--- PROBLEM REQUIREMENTS ---
From the line with "COTTON SEERSUCKER navy/bordeaux" through the line with "Figure: System will", inclusive, return each line of the data below exactly and leave the rest out.

Dataset items
>>>>>

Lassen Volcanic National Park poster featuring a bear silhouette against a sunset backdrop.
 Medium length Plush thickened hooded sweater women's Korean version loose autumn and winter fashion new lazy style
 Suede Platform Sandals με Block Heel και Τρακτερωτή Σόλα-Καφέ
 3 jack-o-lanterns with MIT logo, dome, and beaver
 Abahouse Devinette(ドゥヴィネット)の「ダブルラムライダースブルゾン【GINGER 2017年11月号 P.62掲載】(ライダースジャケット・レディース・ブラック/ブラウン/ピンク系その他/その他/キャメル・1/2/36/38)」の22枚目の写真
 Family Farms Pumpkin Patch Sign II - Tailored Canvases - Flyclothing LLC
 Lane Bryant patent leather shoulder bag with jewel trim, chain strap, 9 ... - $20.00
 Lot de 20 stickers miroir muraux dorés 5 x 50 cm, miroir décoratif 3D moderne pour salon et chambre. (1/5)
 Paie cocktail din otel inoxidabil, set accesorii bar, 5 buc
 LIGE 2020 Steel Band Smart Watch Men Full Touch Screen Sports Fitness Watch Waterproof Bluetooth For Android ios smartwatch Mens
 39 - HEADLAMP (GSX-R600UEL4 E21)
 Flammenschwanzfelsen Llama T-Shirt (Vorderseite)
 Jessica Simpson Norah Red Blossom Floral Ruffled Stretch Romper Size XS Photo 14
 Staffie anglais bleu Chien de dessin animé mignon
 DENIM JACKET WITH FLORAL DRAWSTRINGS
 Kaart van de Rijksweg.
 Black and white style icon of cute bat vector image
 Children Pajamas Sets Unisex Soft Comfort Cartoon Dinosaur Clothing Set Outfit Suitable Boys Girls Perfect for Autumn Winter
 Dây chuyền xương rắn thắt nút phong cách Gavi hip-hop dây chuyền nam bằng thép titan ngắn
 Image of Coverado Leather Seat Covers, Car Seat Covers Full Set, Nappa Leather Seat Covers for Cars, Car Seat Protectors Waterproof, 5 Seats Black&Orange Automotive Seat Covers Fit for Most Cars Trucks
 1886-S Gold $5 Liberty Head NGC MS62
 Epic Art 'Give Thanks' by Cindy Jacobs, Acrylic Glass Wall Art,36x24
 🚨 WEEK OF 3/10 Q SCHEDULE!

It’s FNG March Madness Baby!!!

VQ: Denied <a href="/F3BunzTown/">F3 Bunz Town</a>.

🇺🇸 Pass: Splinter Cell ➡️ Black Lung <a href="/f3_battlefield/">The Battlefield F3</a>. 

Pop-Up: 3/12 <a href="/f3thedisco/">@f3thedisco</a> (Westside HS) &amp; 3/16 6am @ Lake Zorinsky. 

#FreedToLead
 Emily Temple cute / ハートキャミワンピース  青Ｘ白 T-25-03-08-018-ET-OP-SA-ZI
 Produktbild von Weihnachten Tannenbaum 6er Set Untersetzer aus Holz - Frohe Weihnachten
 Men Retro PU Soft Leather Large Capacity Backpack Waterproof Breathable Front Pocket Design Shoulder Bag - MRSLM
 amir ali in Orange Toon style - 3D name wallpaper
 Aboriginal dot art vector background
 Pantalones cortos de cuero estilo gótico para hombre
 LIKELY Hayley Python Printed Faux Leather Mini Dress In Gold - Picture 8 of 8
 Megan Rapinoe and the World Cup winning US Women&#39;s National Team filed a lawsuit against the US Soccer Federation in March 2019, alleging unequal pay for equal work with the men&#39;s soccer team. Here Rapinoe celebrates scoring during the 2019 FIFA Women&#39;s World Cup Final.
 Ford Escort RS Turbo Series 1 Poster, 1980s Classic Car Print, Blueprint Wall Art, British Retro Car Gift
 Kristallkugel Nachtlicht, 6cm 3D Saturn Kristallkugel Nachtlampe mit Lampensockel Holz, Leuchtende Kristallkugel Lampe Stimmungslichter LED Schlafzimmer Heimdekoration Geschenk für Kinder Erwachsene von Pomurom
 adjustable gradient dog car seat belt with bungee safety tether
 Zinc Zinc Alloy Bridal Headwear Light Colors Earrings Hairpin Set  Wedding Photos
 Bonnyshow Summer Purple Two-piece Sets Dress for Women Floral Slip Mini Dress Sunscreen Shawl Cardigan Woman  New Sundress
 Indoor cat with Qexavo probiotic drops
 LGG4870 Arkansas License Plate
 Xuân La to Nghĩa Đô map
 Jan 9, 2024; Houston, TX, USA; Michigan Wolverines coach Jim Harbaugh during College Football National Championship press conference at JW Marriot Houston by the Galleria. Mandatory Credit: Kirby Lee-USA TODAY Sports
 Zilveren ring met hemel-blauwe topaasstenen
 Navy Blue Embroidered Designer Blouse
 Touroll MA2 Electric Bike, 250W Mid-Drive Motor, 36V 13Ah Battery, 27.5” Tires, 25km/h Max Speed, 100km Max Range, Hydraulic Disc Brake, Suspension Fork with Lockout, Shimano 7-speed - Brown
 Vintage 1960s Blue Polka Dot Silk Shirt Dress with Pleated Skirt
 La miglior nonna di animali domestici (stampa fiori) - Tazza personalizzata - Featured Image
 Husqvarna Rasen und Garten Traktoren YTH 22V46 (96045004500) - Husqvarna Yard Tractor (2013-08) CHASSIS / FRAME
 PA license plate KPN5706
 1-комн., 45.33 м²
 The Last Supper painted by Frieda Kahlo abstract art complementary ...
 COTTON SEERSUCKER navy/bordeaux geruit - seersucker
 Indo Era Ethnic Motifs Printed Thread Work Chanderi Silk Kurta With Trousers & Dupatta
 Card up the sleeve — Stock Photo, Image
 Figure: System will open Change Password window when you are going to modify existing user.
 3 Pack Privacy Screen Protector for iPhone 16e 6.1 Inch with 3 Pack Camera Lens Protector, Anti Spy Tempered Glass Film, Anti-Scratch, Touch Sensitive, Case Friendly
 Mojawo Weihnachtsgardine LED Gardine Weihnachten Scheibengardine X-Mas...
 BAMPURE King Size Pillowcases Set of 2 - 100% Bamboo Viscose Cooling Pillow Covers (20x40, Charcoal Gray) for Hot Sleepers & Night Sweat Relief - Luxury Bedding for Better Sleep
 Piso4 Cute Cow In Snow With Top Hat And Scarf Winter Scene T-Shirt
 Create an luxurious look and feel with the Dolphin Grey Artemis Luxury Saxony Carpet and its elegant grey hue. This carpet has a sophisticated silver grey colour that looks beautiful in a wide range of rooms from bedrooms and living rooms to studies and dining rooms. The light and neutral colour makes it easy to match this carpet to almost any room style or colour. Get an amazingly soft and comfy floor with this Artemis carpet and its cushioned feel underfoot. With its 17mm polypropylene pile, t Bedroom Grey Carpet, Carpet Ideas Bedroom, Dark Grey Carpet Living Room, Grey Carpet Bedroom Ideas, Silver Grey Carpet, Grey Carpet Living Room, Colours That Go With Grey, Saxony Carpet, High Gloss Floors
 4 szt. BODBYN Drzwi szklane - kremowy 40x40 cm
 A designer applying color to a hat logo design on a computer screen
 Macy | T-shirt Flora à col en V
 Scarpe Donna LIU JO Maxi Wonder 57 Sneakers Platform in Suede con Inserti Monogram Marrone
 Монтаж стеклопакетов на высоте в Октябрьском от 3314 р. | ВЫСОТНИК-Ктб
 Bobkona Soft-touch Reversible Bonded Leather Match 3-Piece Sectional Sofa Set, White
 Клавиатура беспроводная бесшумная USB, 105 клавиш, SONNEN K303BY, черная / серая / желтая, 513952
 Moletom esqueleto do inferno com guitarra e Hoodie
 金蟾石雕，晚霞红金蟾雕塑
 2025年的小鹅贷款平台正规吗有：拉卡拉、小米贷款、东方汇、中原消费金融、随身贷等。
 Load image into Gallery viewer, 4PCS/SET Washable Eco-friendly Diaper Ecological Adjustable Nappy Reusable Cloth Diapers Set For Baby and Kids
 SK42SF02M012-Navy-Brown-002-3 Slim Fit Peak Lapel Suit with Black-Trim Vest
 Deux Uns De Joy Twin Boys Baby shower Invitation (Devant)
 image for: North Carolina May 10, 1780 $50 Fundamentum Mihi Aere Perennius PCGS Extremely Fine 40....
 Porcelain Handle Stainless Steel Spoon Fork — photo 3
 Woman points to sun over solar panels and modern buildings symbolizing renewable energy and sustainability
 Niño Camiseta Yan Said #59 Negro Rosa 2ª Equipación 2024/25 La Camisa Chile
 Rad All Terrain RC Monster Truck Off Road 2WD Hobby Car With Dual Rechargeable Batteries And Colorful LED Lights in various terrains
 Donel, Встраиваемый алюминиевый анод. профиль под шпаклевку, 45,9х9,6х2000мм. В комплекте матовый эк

<<<<<

--- TASK SOLUTION ---
 COTTON SEERSUCKER navy/bordeaux geruit - seersucker
 Indo Era Ethnic Motifs Printed Thread Work Chanderi Silk Kurta With Trousers & Dupatta
 Card up the sleeve — Stock Photo, Image
 Figure: System will open Change Password window when you are going to modify existing user.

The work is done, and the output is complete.